CATHY Franklin put her best foot forward in memory of her baby son Ryan who was killed aged two years and three months.
Friends and family supported the young mum in a bid to raise cash for the paediatric intensive care unit at Southampton where Ryan died.
Blandford St Mary-based Cathy, 30, said: "The unit have had their funding cut and are only using 13 beds instead of 17.
"We're going to keep fundraising after this so more beds can be opened for sick children - their lives depend on it. We're walking in memory of Ryan; he was admitted to Southampton.
"It was too late to save him but they did excellent work, they did everything they could do for him."
Cindy Moore raised £600 by going round the pubs in Blandford for sponsorship.
And Yvonne Jessop, who came back from Jersey for a family wedding, also walked.
"I work in Clarkson House, a Jersey hospice," she said. "My colleagues have sponsored me although they're fund-raising for the hospice as well. Because of Ryan and what his mother is doing they felt they wanted to sponsor me."

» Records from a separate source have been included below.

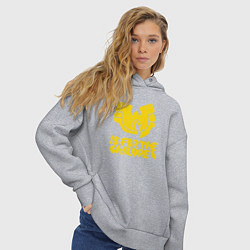 Толстовка оверсайз женская Wu-Tang для детей, цвет: меланж — фото 2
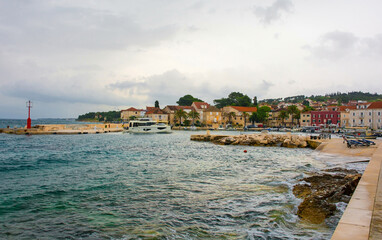 The waterfront of the historic village of Sutivan on Brac Island in Croatia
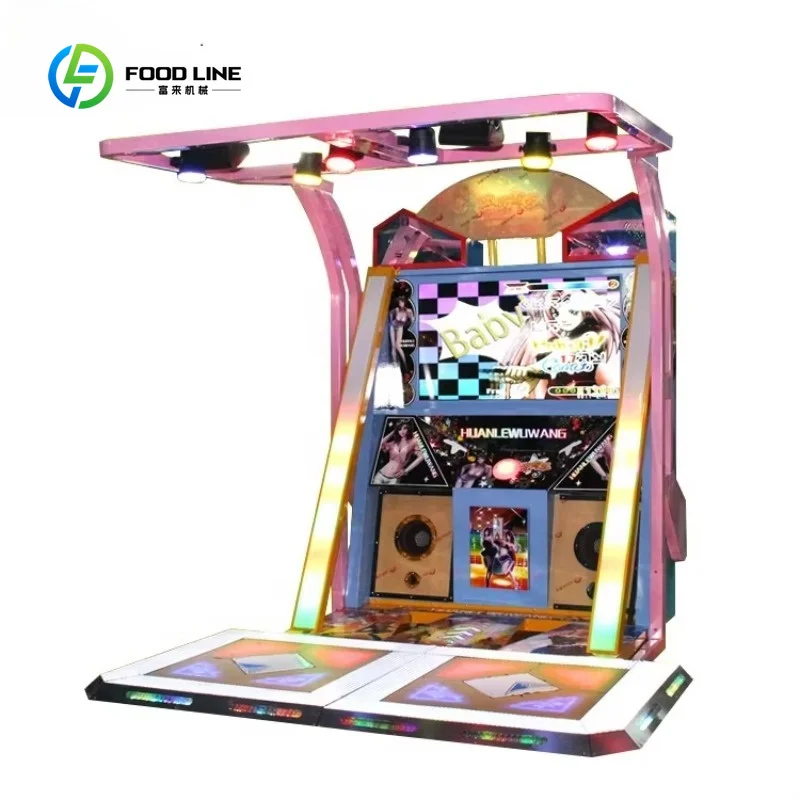Máquina de Baile Arcade Personalizada para 2 Jugadores, Pump It Up, Máquina de Baile con Ritmo Musical, Dance Revolution, en Venta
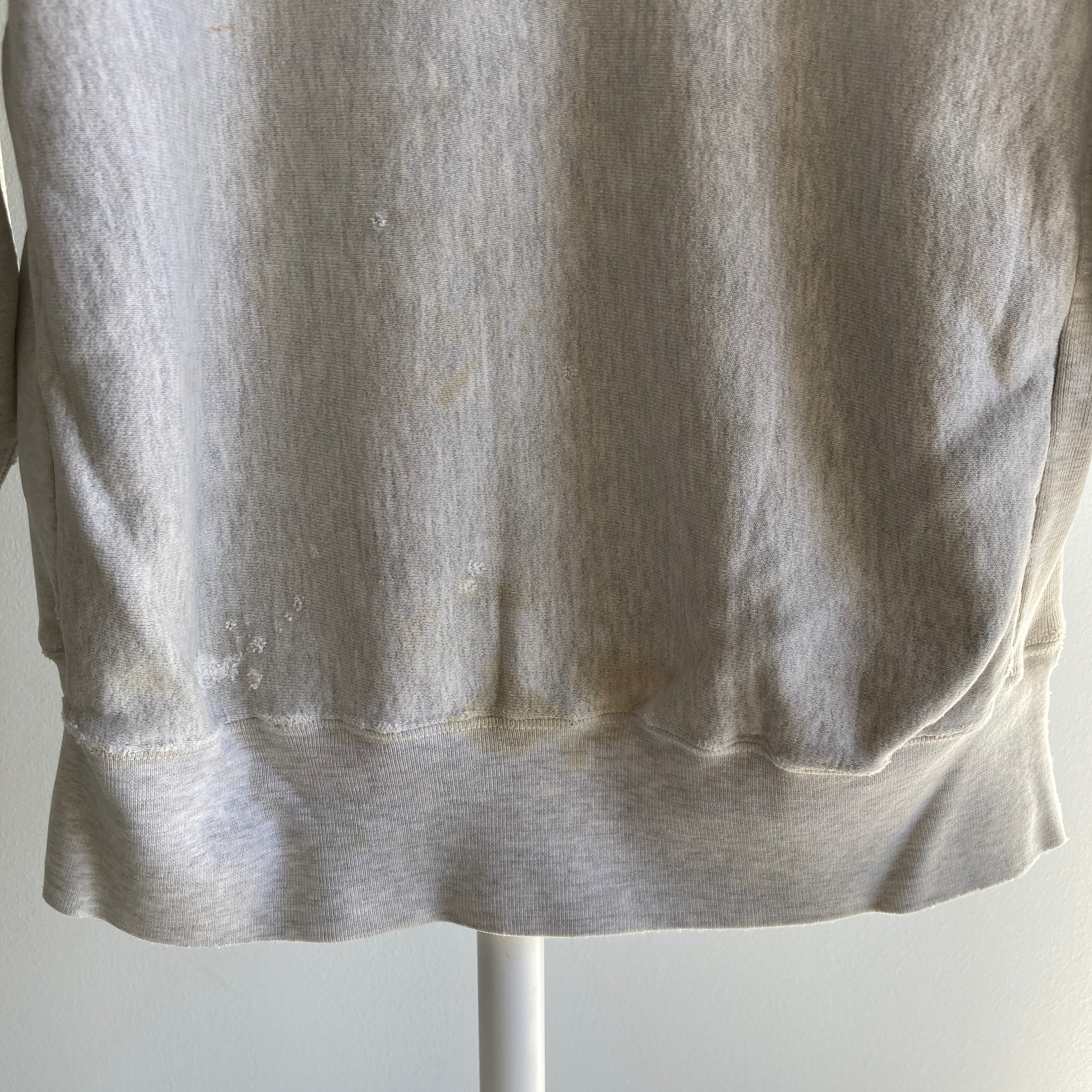1980/90s DESTROYED Virginia University Reverse Weave Super Soft Sweatshirt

Ryan died at the hands of his father Lee Khair, currently serving a seven-year term for manslaughter.
Because of the court case Cathy was not able to bury her child for an agonising 18 months.
She and her father Alan with the backing of Robert Walter MP have campaigned tirelessly and the law is to be changed.
Baroness Ashton, from the Department for Constitutional Affairs, has written to her to say that a change in the law to give coroners more power to release bodies will be implemented in the first half of 2006.